> **WORK INSTRUCTION**
Could you reproduce, from the records below, everything from the line with "시신도 발견됐다는데..놀랍지 않다 이유가 #JTBC #Shorts" down to the line with "कारखानों, संस्थाओं के", keeping both of those lines and changing nothing?

> **DATA FOR THIS EXERCISE**
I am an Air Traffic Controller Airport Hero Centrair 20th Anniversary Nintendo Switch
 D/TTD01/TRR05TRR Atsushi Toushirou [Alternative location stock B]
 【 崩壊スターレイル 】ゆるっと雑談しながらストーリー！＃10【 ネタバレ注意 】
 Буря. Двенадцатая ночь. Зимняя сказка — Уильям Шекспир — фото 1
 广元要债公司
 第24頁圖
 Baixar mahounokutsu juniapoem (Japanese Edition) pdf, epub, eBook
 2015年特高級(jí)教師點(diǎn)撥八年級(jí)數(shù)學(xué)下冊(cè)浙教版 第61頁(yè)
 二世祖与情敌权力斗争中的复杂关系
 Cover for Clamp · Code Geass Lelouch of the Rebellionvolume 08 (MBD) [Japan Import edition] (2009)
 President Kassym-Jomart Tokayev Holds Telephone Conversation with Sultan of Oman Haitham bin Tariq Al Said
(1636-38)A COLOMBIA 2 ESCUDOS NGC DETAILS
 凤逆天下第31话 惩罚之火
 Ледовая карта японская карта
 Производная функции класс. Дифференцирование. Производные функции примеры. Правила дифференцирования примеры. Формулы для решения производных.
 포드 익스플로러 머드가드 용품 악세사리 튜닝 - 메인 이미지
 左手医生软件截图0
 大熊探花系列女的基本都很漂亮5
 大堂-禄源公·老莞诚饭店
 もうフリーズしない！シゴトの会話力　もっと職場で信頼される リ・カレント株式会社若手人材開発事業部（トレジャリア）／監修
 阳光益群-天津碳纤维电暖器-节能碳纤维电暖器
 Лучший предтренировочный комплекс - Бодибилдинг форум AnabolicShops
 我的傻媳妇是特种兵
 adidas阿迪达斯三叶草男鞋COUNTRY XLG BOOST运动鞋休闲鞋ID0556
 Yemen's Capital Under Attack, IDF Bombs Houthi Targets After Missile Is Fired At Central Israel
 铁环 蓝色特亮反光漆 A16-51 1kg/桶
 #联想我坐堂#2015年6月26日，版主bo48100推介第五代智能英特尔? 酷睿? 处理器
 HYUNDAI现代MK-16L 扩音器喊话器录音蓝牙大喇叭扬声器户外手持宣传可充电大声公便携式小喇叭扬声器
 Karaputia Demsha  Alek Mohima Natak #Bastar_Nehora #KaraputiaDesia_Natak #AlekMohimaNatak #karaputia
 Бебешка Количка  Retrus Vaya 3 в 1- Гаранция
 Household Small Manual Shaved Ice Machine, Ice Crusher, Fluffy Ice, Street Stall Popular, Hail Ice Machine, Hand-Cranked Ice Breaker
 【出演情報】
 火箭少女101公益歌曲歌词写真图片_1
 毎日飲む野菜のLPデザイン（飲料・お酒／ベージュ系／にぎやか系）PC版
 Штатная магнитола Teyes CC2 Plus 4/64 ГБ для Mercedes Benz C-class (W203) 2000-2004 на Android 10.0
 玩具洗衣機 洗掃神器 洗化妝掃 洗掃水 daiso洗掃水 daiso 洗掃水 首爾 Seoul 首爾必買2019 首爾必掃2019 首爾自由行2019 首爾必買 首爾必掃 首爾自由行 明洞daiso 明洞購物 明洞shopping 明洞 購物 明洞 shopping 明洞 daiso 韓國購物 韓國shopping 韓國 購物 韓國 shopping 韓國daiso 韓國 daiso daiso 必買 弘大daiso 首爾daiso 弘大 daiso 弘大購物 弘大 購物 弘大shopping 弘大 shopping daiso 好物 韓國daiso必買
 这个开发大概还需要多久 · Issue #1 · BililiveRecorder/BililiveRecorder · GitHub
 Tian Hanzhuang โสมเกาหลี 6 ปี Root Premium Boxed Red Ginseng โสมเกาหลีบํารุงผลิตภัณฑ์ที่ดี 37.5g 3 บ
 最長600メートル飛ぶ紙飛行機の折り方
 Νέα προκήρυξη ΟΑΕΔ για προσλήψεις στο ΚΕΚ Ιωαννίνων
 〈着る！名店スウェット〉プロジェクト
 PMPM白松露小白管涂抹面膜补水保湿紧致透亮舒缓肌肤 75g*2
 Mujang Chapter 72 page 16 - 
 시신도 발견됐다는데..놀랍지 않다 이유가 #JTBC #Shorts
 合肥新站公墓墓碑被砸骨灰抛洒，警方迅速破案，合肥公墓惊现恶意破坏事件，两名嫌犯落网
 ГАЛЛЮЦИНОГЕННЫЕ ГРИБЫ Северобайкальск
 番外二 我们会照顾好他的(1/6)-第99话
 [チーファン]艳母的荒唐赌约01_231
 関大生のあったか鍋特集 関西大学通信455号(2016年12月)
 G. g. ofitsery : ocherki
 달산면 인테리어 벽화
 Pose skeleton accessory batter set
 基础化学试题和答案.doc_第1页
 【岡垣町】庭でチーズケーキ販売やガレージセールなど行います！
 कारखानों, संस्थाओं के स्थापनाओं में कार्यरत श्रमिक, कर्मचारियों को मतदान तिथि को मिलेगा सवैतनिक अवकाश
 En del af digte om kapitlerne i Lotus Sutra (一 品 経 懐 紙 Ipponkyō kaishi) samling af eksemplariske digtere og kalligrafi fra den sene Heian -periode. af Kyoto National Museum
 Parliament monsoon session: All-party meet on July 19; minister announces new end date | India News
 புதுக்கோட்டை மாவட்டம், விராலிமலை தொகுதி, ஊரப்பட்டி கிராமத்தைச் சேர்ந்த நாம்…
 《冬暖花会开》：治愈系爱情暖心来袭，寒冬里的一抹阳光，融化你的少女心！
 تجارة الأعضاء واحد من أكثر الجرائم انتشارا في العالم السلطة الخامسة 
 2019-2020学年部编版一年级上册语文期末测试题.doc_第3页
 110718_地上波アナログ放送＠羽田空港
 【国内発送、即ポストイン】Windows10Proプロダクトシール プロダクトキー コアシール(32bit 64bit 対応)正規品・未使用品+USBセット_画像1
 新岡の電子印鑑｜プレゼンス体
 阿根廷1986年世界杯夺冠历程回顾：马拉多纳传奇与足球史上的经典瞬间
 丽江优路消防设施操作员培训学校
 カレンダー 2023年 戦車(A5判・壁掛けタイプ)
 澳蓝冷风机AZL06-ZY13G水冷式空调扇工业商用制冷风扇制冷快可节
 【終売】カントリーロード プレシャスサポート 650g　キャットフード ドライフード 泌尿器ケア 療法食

> **RESULT OF THIS EXERCISE**
 시신도 발견됐다는데..놀랍지 않다 이유가 #JTBC #Shorts
 合肥新站公墓墓碑被砸骨灰抛洒，警方迅速破案，合肥公墓惊现恶意破坏事件，两名嫌犯落网
 ГАЛЛЮЦИНОГЕННЫЕ ГРИБЫ Северобайкальск
 番外二 我们会照顾好他的(1/6)-第99话
 [チーファン]艳母的荒唐赌约01_231
 関大生のあったか鍋特集 関西大学通信455号(2016年12月)
 G. g. ofitsery : ocherki
 달산면 인테리어 벽화
 Pose skeleton accessory batter set
 基础化学试题和答案.doc_第1页
 【岡垣町】庭でチーズケーキ販売やガレージセールなど行います！
 कारखानों, संस्थाओं के स्थापनाओं में कार्यरत श्रमिक, कर्मचारियों को मतदान तिथि को मिलेगा सवैतनिक अवकाश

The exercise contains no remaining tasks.